OK, anyone can make a mistake in their first season, but you would have expected such a harsh lesson to have been learned back then, and not repeated again in 2008. You can clearly see that Kimi aims for every last point: he clearly did learn from last year.
But there we were in Canada, with Lewis not content to just be first, he seemed to be attempting to lap everyone as well. Naturally, he is a gifted driver, and can do things in a car that many others cannot, but clearly he should have been told by his team about the red light, if they didn’t drum it into him before the race. So many drivers have been caught out by this silly rule this year.
So, there we were with Lewis going for track position even in the pit lane when it was clear the other cars were on a lighter fuel load and so not really a threat to him despite being in front coming out of the pits. That was the team’s fault, of course. They have the strategic displays of possible outcomes on their laptops, they should read the race better and provide Lewis with better info in a more timely manner. Like, er, shouting “Red Light!” a bit earlier, perhaps…?
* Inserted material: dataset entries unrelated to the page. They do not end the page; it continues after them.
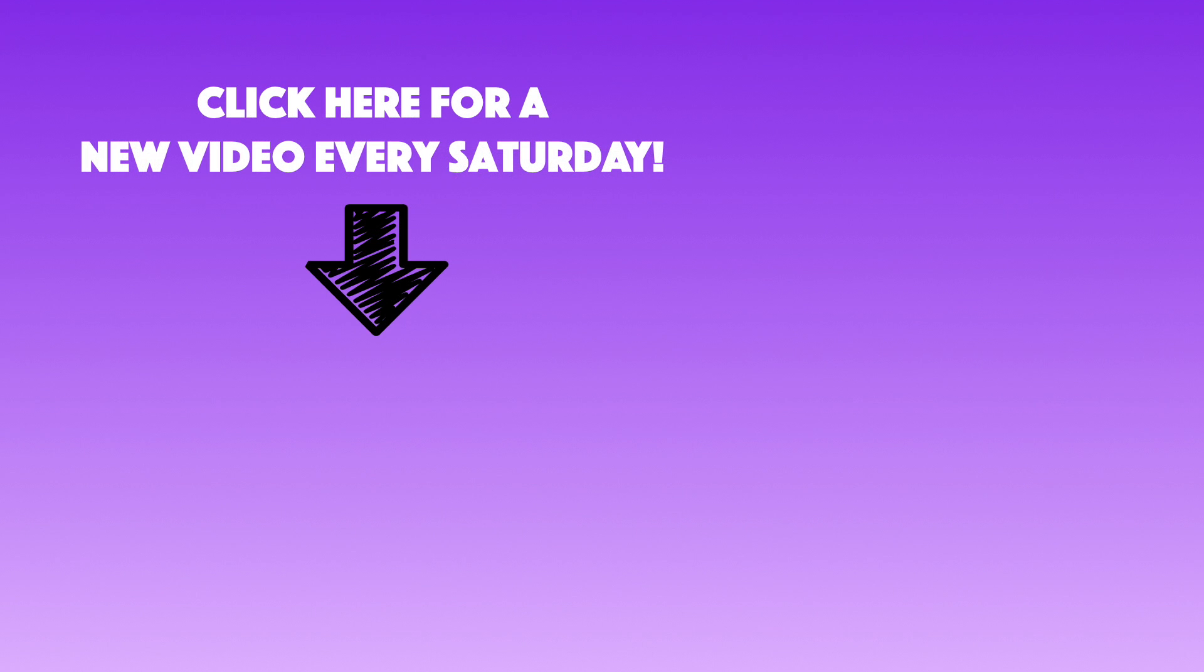If you'd like to learn more about Affinity Photo, be sure to subscribe to our channel. We come out with a new tutorial every Saturday, so hit that subscribe button and I'll see you in the next Affinity Revolution Tutorial.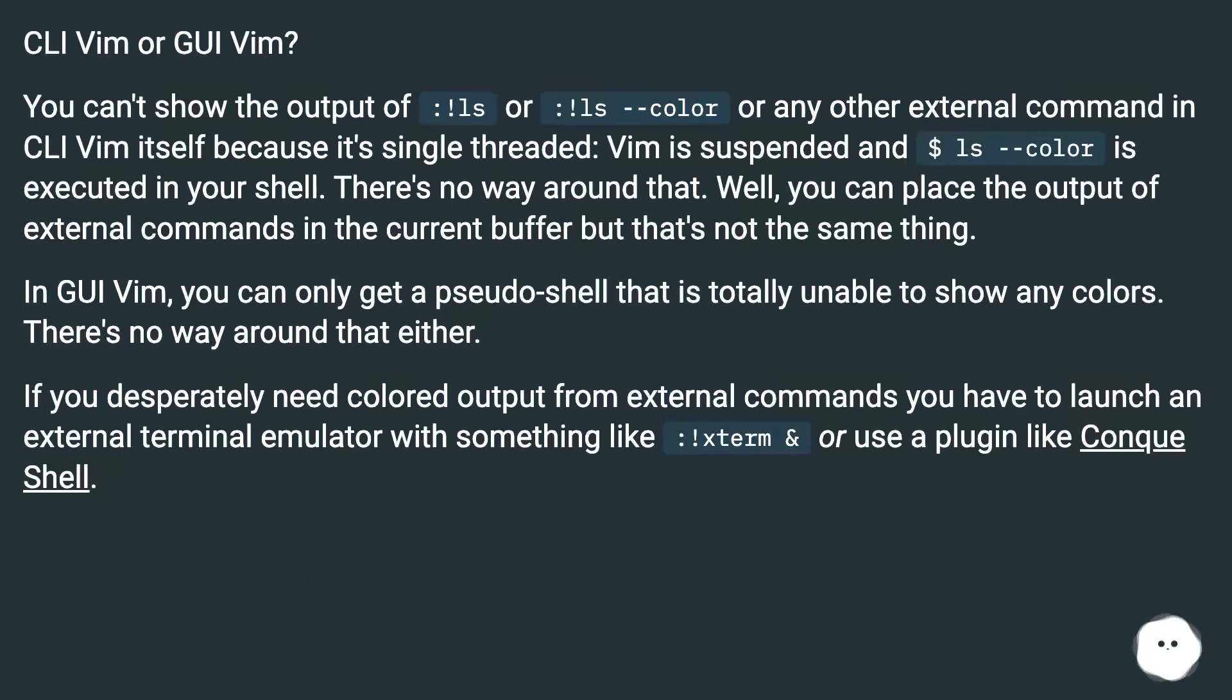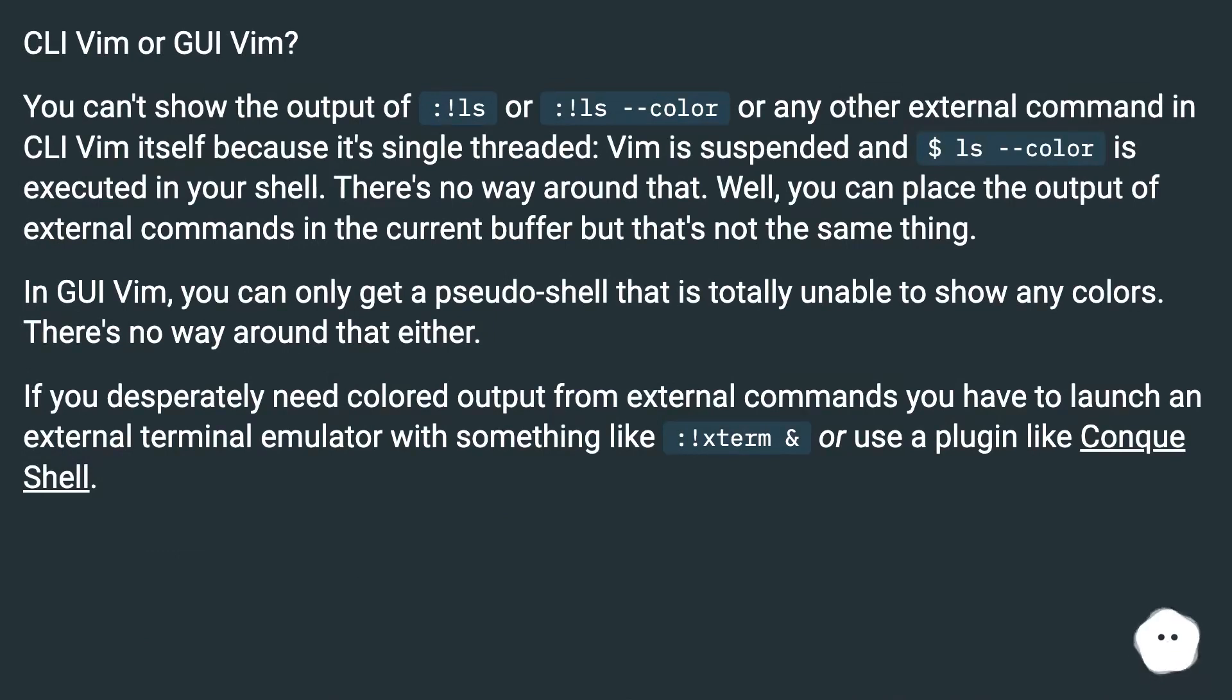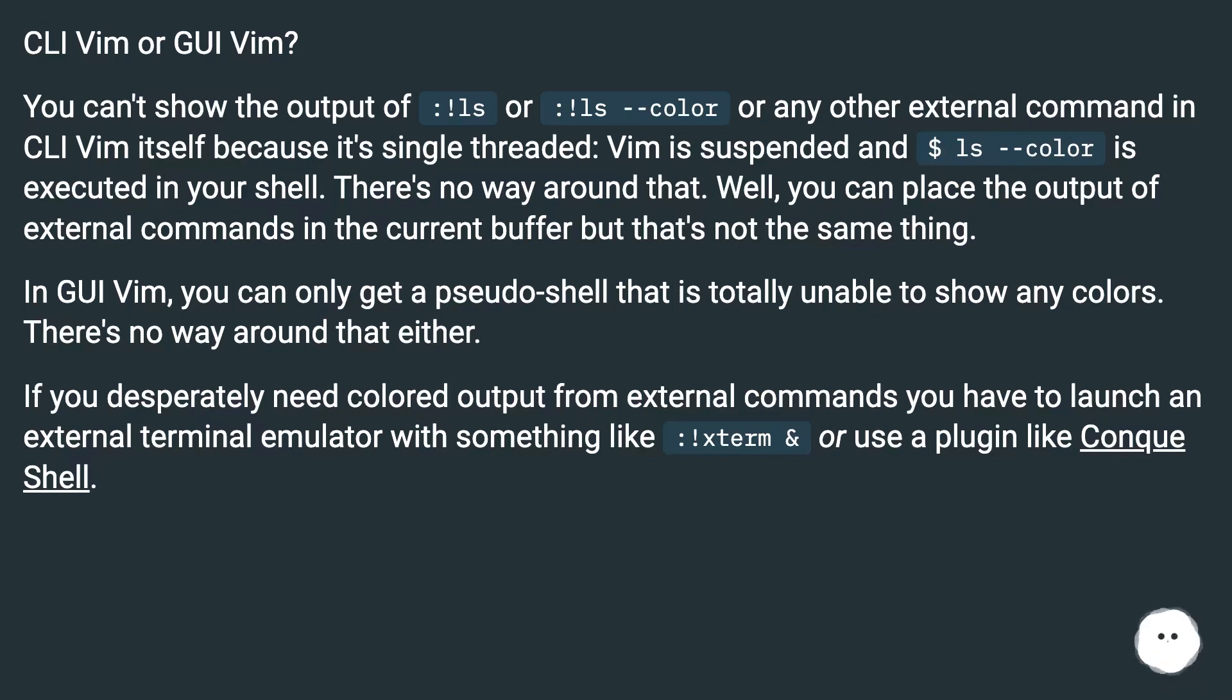CLI Vim or GUI Vim? You can't show the output of :!ls or :!ls --color or any other external command in CLI Vim itself because it's single-threaded. Vim is suspended and $ ls --color is executed in your shell. There's no way around that. Well, you can place the output of external commands in the current buffer, but that's not the same thing.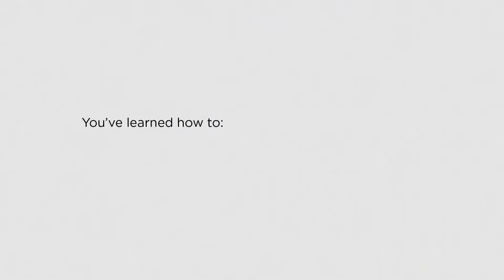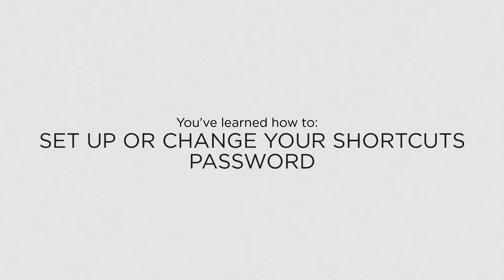Now that you know how to set up a password for Shortcuts, you can ensure that your business data is kept secure.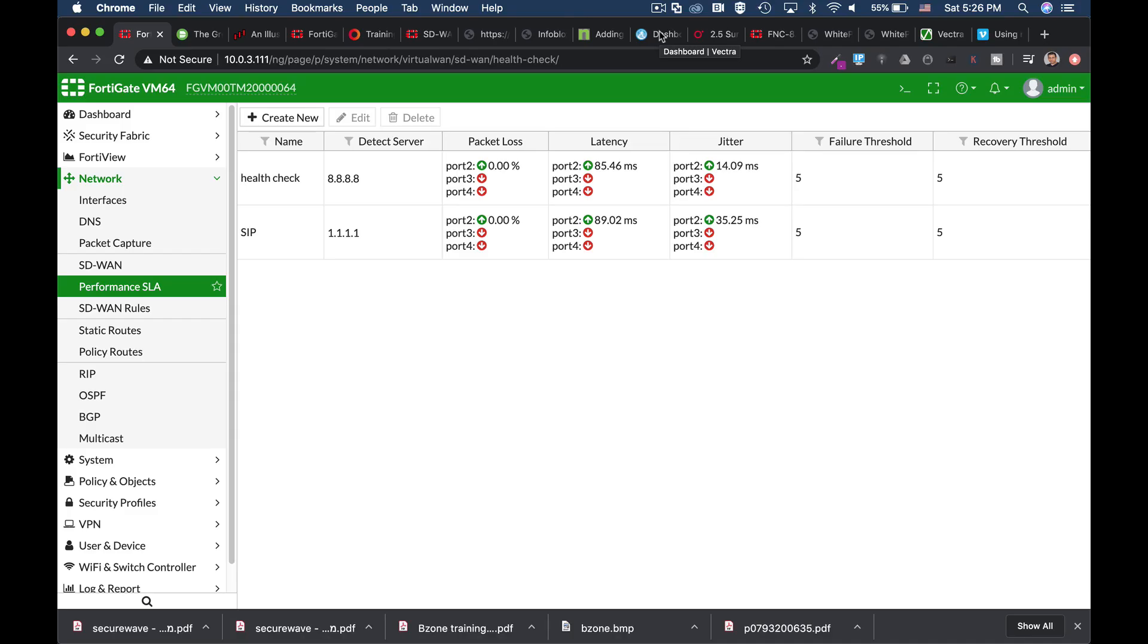We can use our command line while configuring SD-WAN for different tasks. One of them is to use different protocols that will be used towards the server that was chosen in the health check.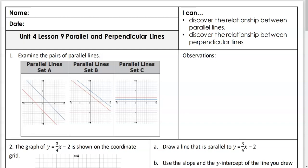All right, so today is all about discovering. We're going to discover the relationship between parallel lines, and we're going to discover the relationship between perpendicular lines. So the first one is we have three different sets of parallel lines. Looking at all of them, what can you observe from these three different graphs?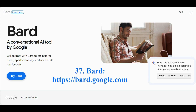The Bard neural network is designed to stimulate creative ideas, enhance the creative process, and increase productivity. This conversational artificial intelligence tool is provided by Google.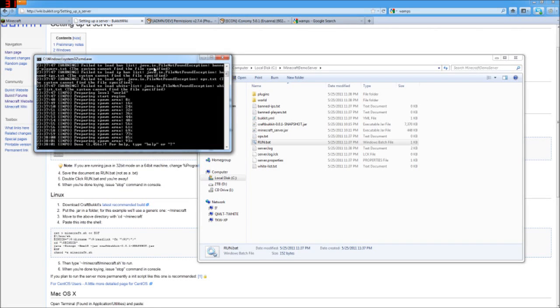All right, so here we are. We've got our server up and going with Minecraft and Bucket, and here it is, all nice and running.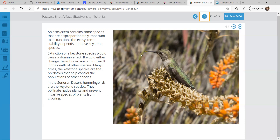Many times the keystone species are the predators that help control populations of other species. For example, in the Sonoran Desert, hummingbirds are the keystone species. They are the ones that pollinate native plants and prevent invasive species of plants from growing. So in that environment, hummingbirds are actually very important.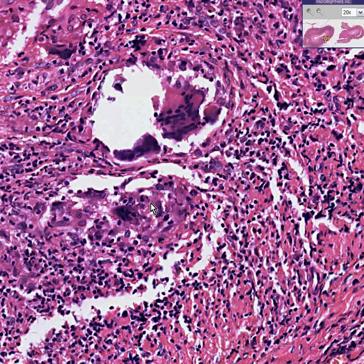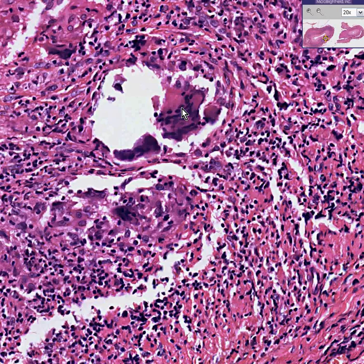Giant cell arteritis, also known as temporal arteritis. And here is the nicest giant cell we've seen so far. Thank you very much.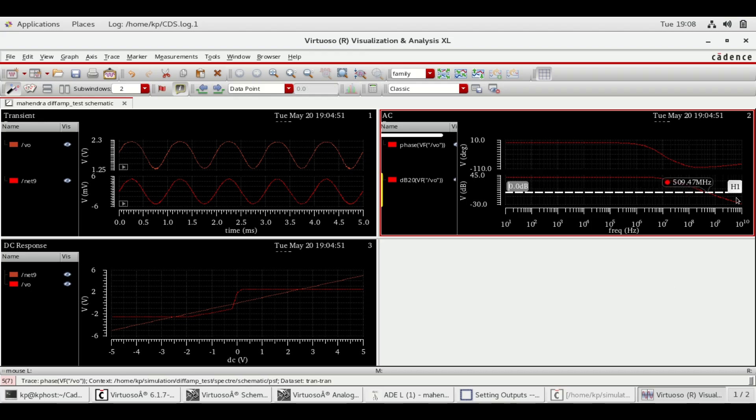You can see the unity gain bandwidth as 509.47 MHz.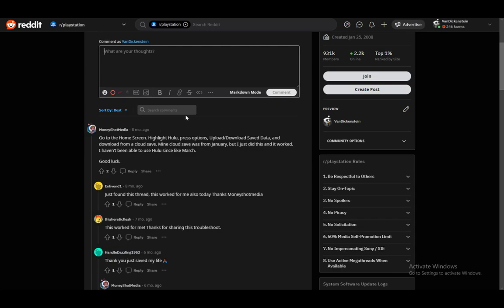The cloud save will be from earlier in the year - might be a week, two, or a month ago, depending on when you're trying this. This person's save was from January. When you download all the data from the cloud, it should replace the corrupted data that's already present, and then it should just work again.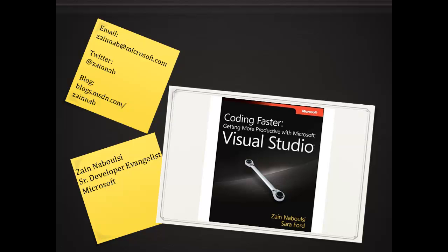Hi folks, well, it's that time again. My name is Zane DeBolsi. I'm a Senior Developer Evangelist with Microsoft. There's my contact information in the upper left-hand corner.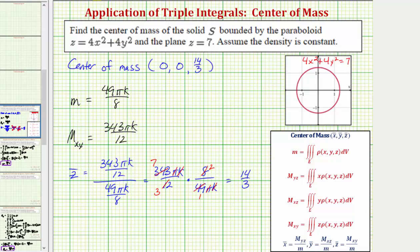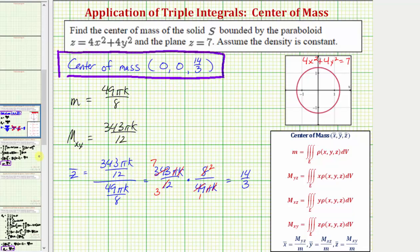By recognizing that we had a constant density and symmetry about the z-axis, we saved quite a bit of work by knowing that both the x and y coordinates of the center of mass would be zero. Otherwise, we'd still have to find the moment about the yz plane as well as the moment about the xz plane. I hope you found this helpful.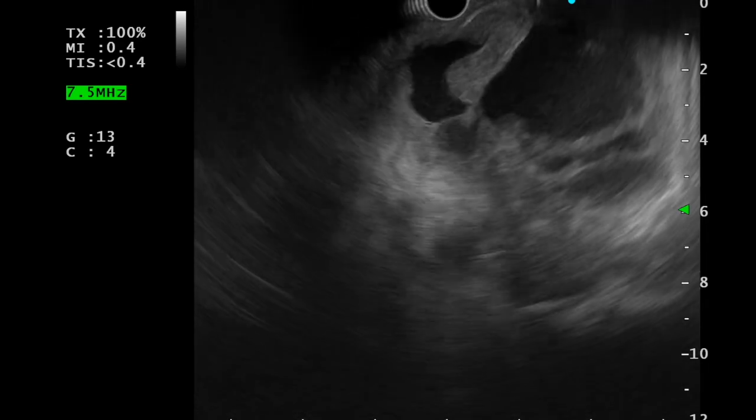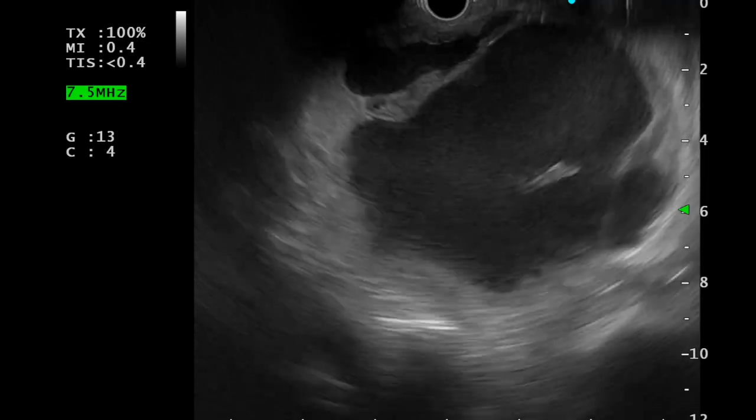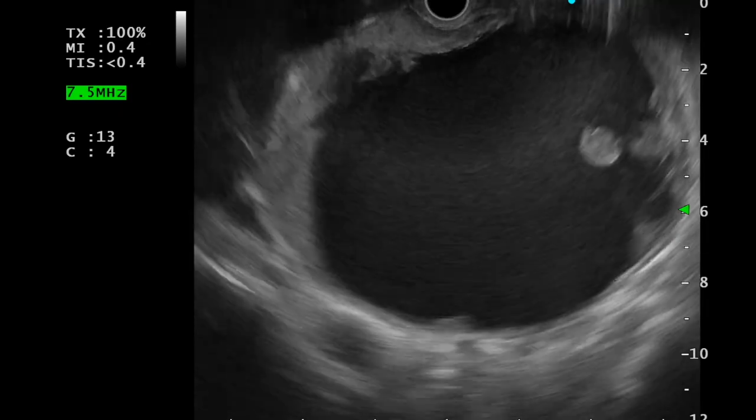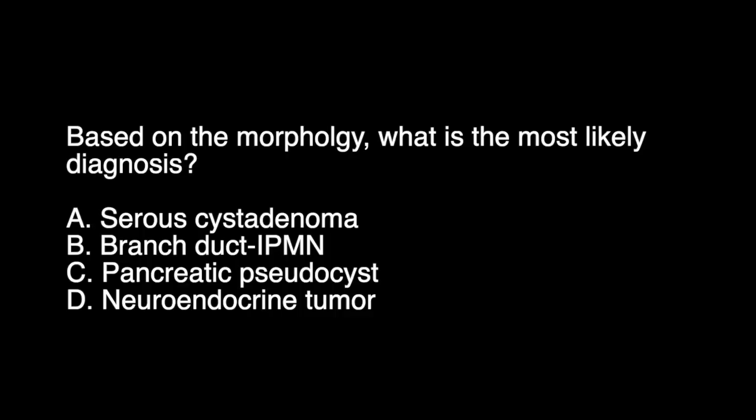The cyst was multiloculated. Based on the morphology of the cyst, what is the most likely diagnosis?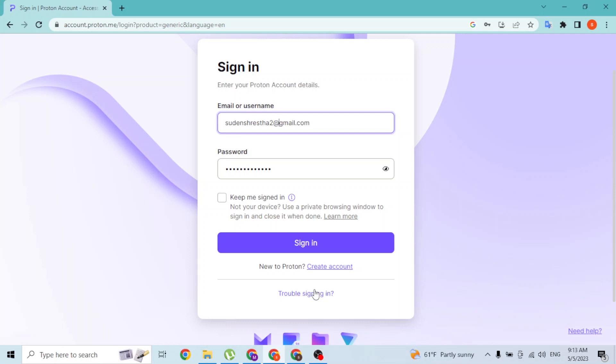With that being said, after entering your email address and password, simply click on sign in and then you'll be logged into your Proton Mail account online on your computer.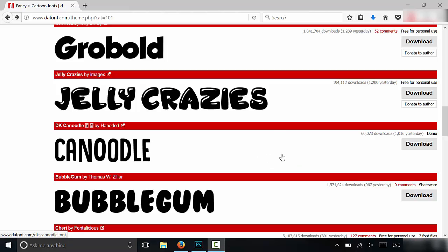Hey everybody, I'm here today to show you how to add a font to Photoshop. It's a really easy process and in this video I will show you exactly how to do it.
Anyway, after the ten grid position penalty was imposed, it should have been clear that the team should not be focussing on a win in France, but on gathering more points. It seems they took the risky option again though, allowed Lewis his head, and while overhyped and possibly over-confident, the unrestrained Hamilton once again tried to barge into the lead from thirteenth on a track renowned for being difficult – if not next to impossible – to overtake on.
Pre-race interviews with Lewis Hamilton himself clearly showed his over-confident, rap-star influenced ego poking through, and a strategy of light fuel load and soft tyres added to the disbelief that there was any focus at all on winning over the course of the season, rather than just at this race.
Post race interviews with Martin Whitmarsh show this emphasis is unlikely to be changed by anything he will do or say to Hamilton. The McLaren Managing Director went on record saying that Lewis “has got to believe that he can win in Britain and come out on equal points.” Again, no mention of the long haul or the Championship, just another attempt at full points again, like scoring 8 or 6 points is somehow failing.
The team really should be giving Lewis more direction, and more capable direction at that. Still, maybe they are and Lewis listens more to his “friends” now. In one pre-race interview he was talking of a text message he received from a great friend before the race about how greatness comes not from winning a race from the front, but from the rear and fighting your way through. A shame that person didn’t remember how difficult passing at Magny-Cours always is…
Churchill said that “Politics is the art of the possible” and maybe that’s a lot more transferable than we think. But maybe Whitmarsh just doesn’t have the broad grasp of things that Lewis needs him to have. Whitmarsh seems to be no chess player.
No wonder Anthony Hamilton looks glum in the pits these days.